Jason and I managed to resolve our argument before I headed over to Kelly’s for a ladies night (I’m not telling what we did!  It’s too embarrassing!) and a night in with the guys for J.  Bad day behind us, we were eager to enjoy the rest of our weekend.  But around 1pm  Sunday afternoon, after a good lunch time with the boys, I had this strange thing start happening with my eyes.  My left eye in particular.     I had this fuzzy blind spot appear.  And while most people would probably just shake it off and assume it was just something random that would go away, I felt pretty anxious.  I lost all of my central vision for 6 weeks when I was 17 and this is how it started.  With a fuzzy spot.  I tried to ignore it.   I could tell that Jason was a little worried, too.  We both wanted to grab a quick nap, though, while the boys were asleep so we laid down on the couch and hoped it would be gone when we got up.  But about 15 minutes after shutting my eyes, I started to feel this strange pounding sensation above my right eye.   The pain got so severe so quickly, I could barely walk to the kitchen for some ibuprofen.   I spent the next 3 hours in agony.   On the floor in the bathroom in case I threw up from the pain and nausea and then in my bed in the dark.   And then, all of a sudden, it was over.  Just like that.   About 430pm I just walked out of our bedroom and it was done with.  I felt fine.  A little wiped, but fine.  What.
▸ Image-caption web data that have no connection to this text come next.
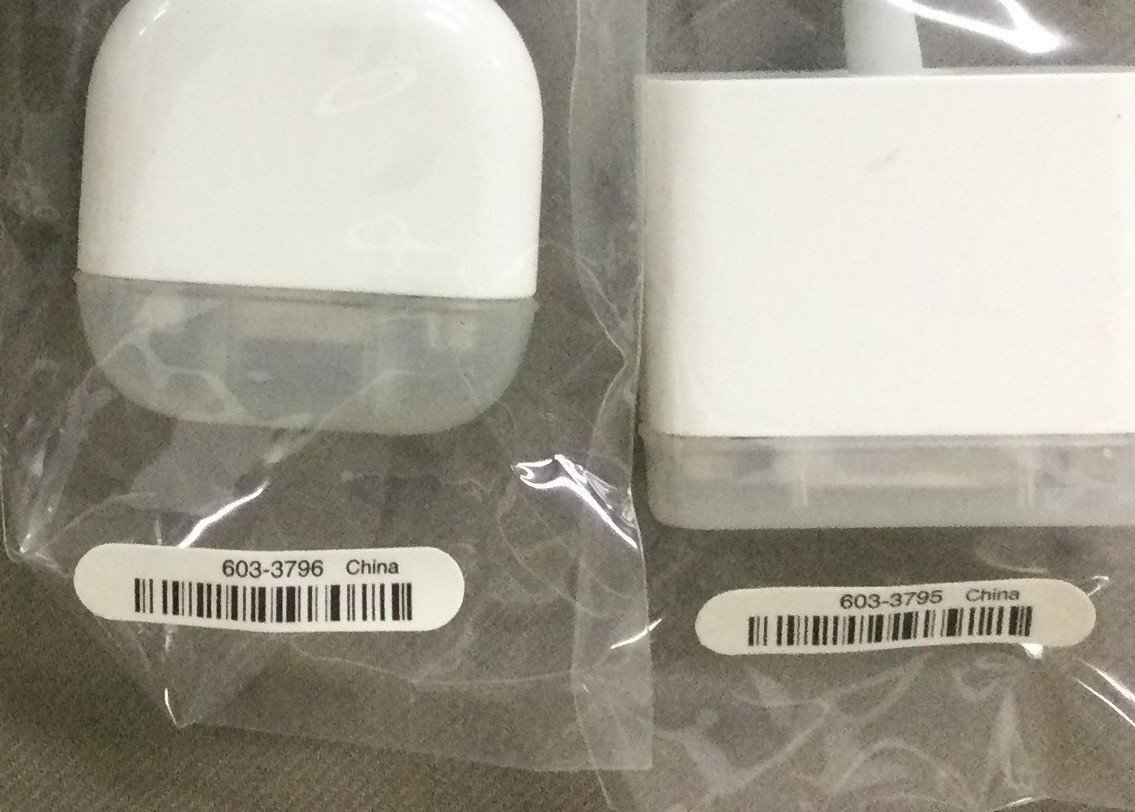 ★５６―００１★PC関連機器　apple製品 色々まとめ PowerBook G4バッテリー/iPod/ケーブル類/電源アダプタなど ジャンク品 動作不明[60]_画像10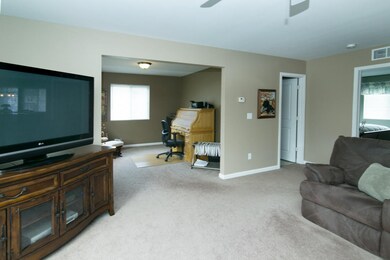 6929 CypressBay-06_TN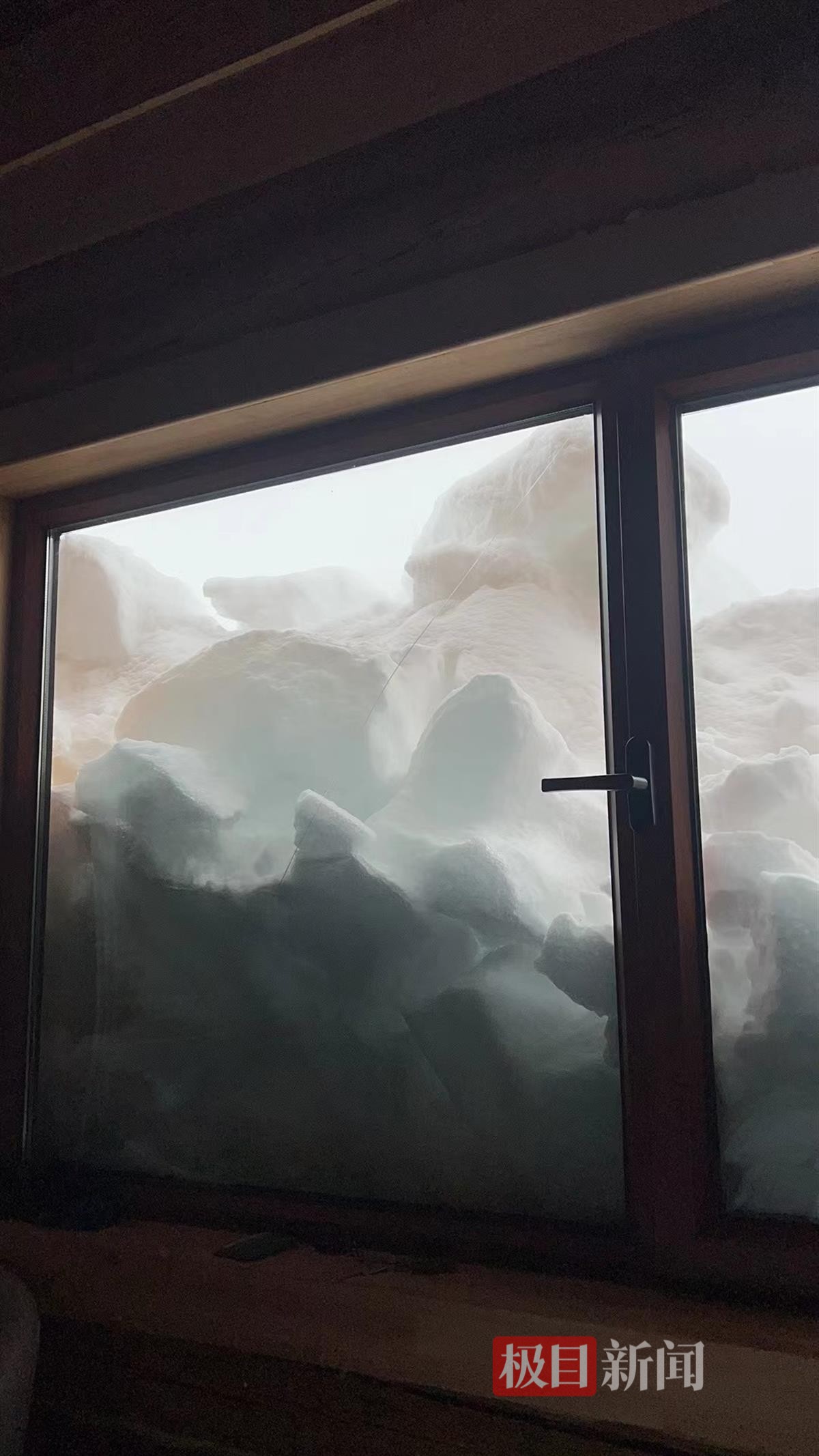 新疆喀纳斯景区百处雪崩困住游客：有人住进交警宿舍，有人乐享免费滑雪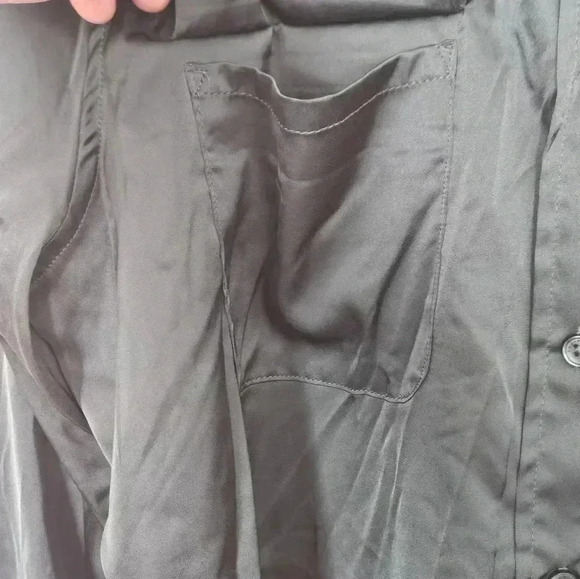 Equipment  NWT June Bug Emerald Satin Classic Signature Top - Picture 7 of 11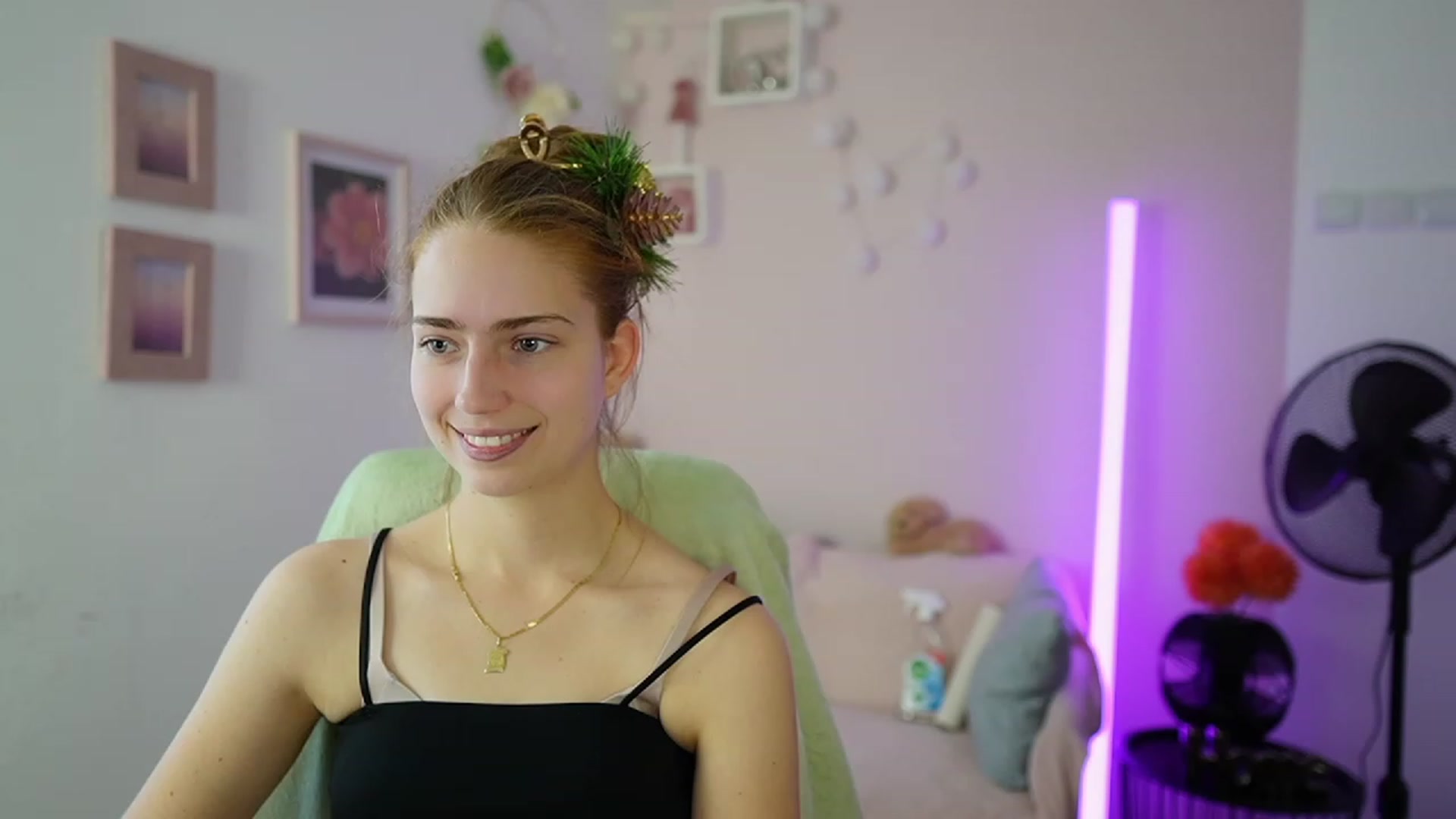 Gallery image thumbnail from Naomi_Woods18's myfreecams stream on, 12/22/2023, 11:37 image 17 of 20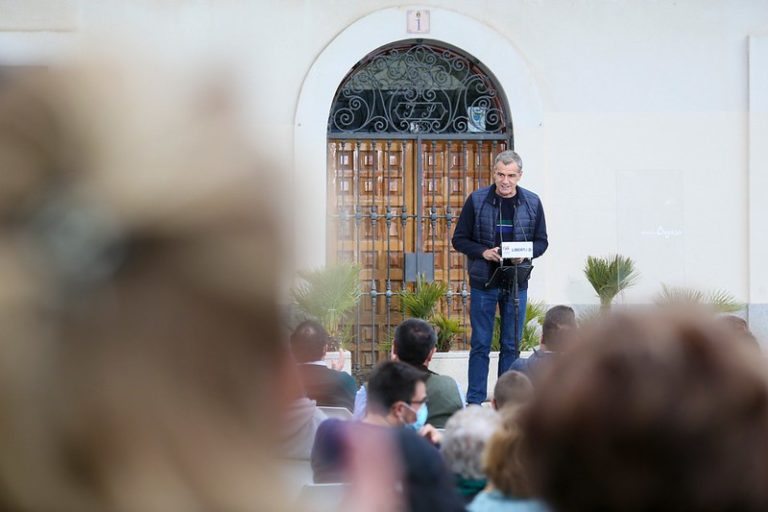Cantó y la Oficina de dar por culo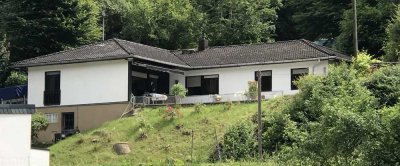 WUNDERVOLLER GROẞER WINKELBUNGALOW MIT RHEINBLICK, IHR TRAUMHAUS AN DER LORELEY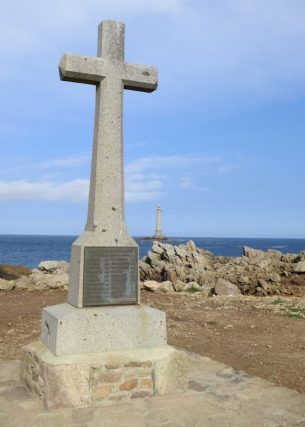 Opposite the lighthouse, the Croix du Cap de la Hague, in memory of the shipwreck of the Vendémiaire. 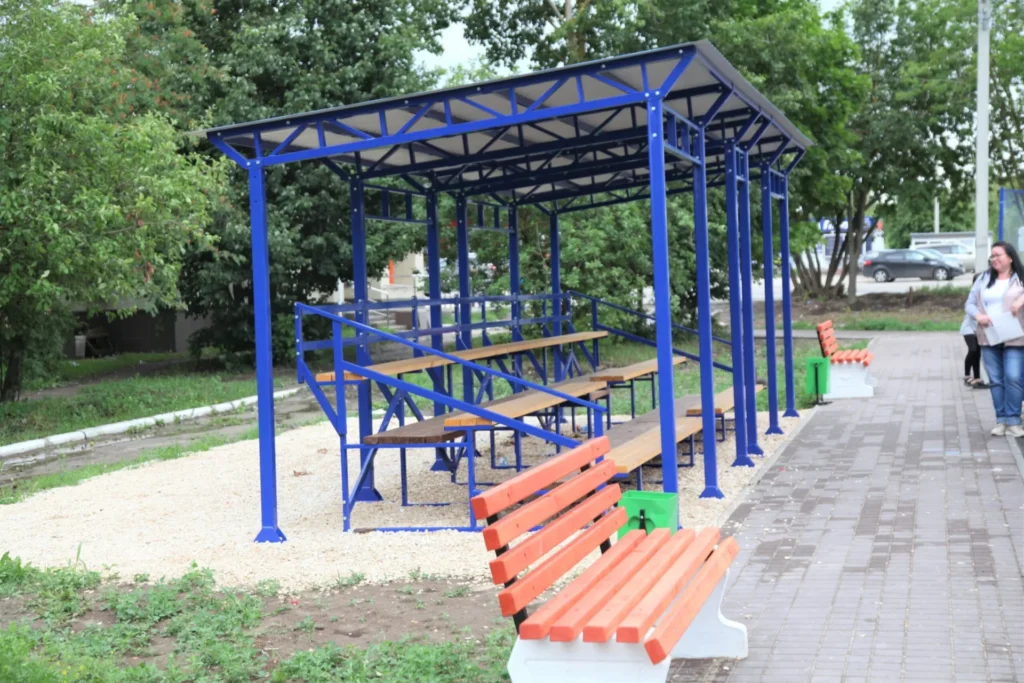 В касимовском районе Черёмушки построили хоккейную площадку В касимовском районе Черёмушки построили хоккейную площадку Площадку построили в районе Черёмушки между многоквартирными домами № 191, 191А, 191Б, 193 на улице Советской.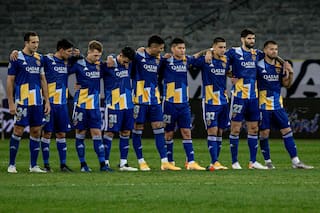 Boca, obligado a armar un equipo nuevo y a jugar desde afuera: la pelota la tienen otros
On. Earth???  We googled for a bit and determined that I had likely had a migraine with aura.   Had virtually every symptom.  What?  Really?  I always thought a migraine was just a super bad headache.  But, uhhhmmmm, yeah, it’s much more than that.  I had no idea.  And now I feel scared.  Am I going to get these all the time?  Will this be affecting my life on a regular basis?  My work?   Do I need to see a doctor?  It’s neurological, according my vast googling yesterday.  What does that mean?   My mom used to get bad headaches and she had a massive stroke a few years ago.  Am I at increased risk for a stroke?  I think I’m getting ahead of myself a little.  I’ve only had one.  But still.   It was bad enough that I hope I never have another.  TIme will tell,  I guess.

I got this card from my uncle in the mail a few days ago.  I think it’s the first time he’s ever written me a letter.  It was kind of cool.  Receiving it in the mail.  You don’t get many letters like that any more.  This is an uncle I hold in pretty high regard.  A recovering alcoholic, he raised his two incredible kids alone, built his house with his own two hands, is kind and compassionate and just a generally nice guy.  He’s certainly been through a lot in his life and I don’t even know the half of it but I know that he is a good man.  And his opinion of me matters to me.  He told me that he had read some of the entries of my blog (a shocking turn of events, considering he lives alone in the woods with no internet!)  and that he thought I was a lot like his mom, my grandmother.   A compliment that continues to choke me up.  And he talked about this post and reminisced a little about his own kids, my cousins, both grown and out of the house.  And then he who is only recently an “empty-nester” and lost both of his parents this past year closed his letter with this line.  ”Hooray, hooray for the continuity of life.”  So I’m trying to sit with that today.    Big sadness and small troubles might swirl about me but I got to bear witness at the birth of another baby last week.   I’m privileged to watch my kids grow and change and delight me every day.  Hooray, indeed.  Hooray, indeed.